[What this task involves]:
Where the lines below hold images, skip those and copy every word exactly.

[Given material]:
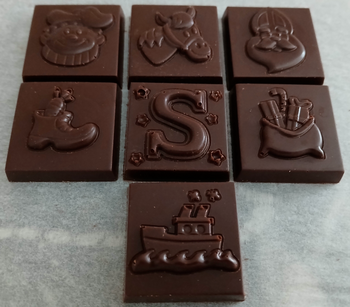 Valisette ourson + 7 carrés SAINT-NICOLAS en chocolat NOIR ONCTUEUX 60% BIO vegan sans allergènes Exquidia : 52 grammes
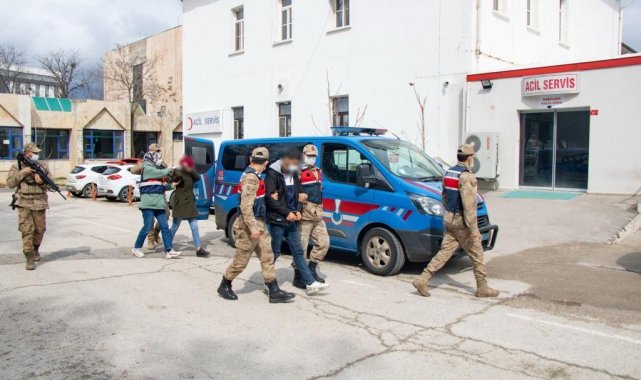 Terör örgütü PKK&#039;ya yardım ve yataklık eden 2 kişi yakalandı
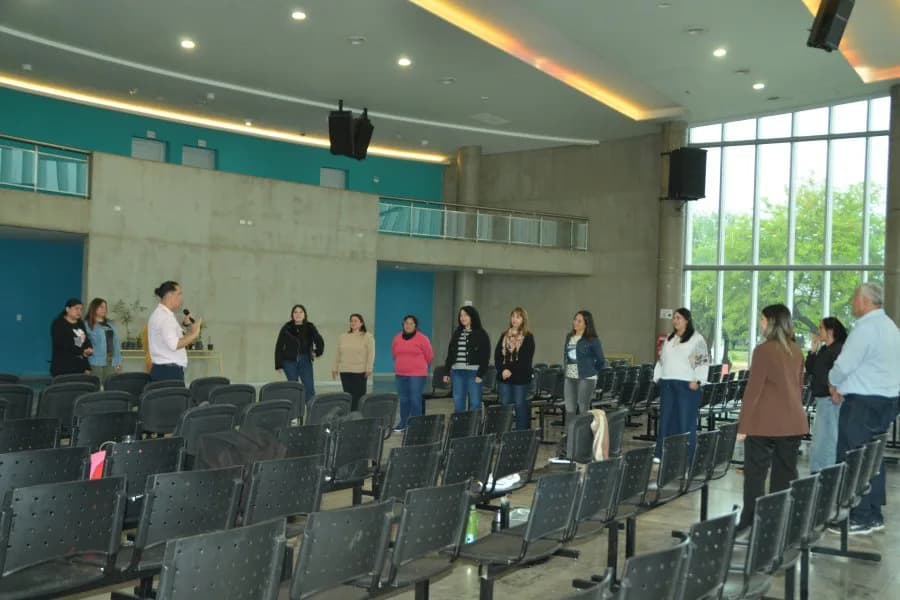 El aprendizaje va más allá del aula: una jornada en Santiago puso el foco en los vínculos familiares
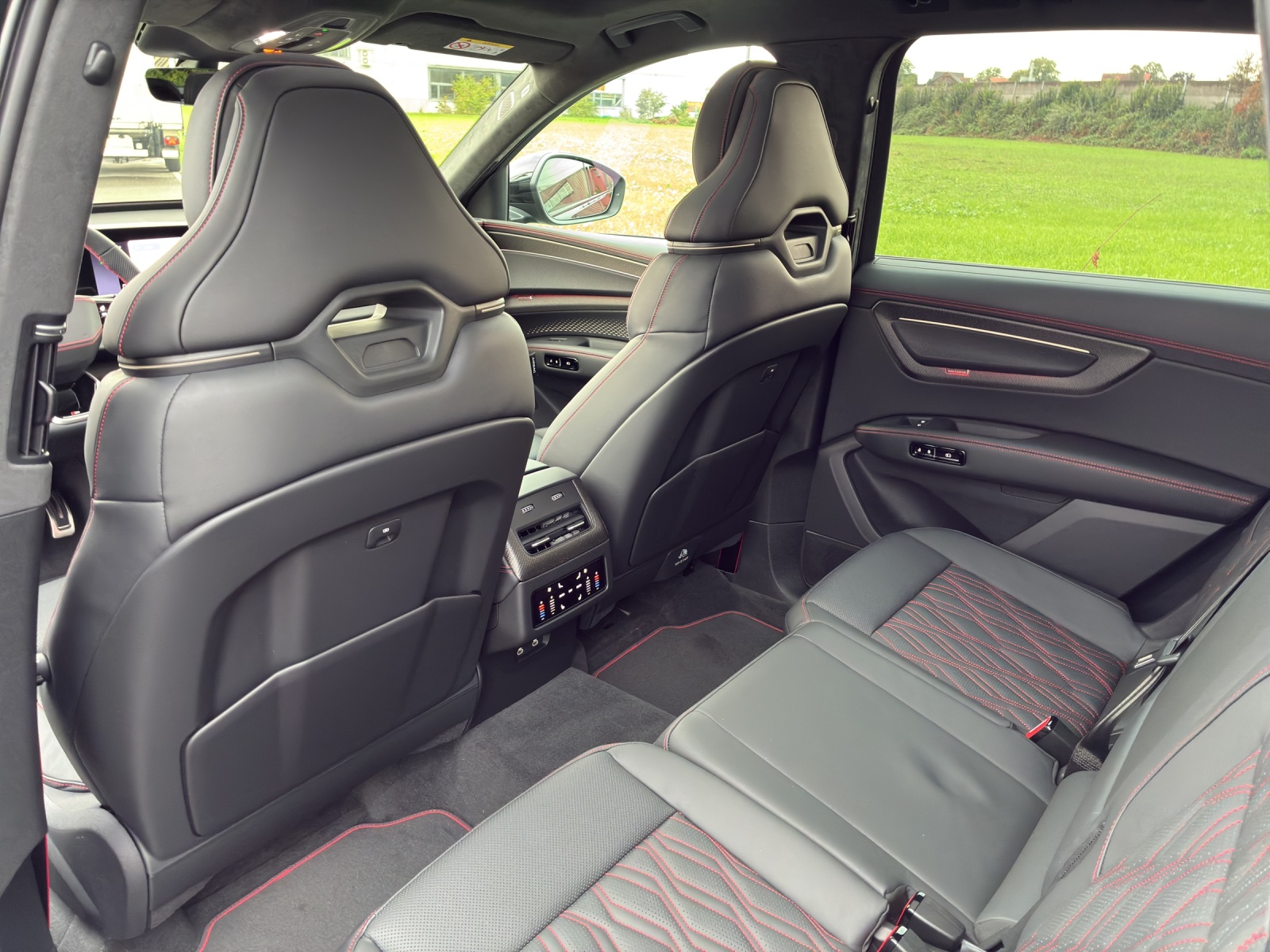 AUDI Q7 SUV TDI quattro 220 kW-image-18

[Finished task]:
 Valisette ourson + 7 carrés SAINT-NICOLAS en chocolat NOIR ONCTUEUX 60% BIO vegan sans allergènes Exquidia : 52 grammes
 Terör örgütü PKK&#039;ya yardım ve yataklık eden 2 kişi yakalandı
 El aprendizaje va más allá del aula: una jornada en Santiago puso el foco en los vínculos familiares
 AUDI Q7 SUV TDI quattro 220 kW-image-18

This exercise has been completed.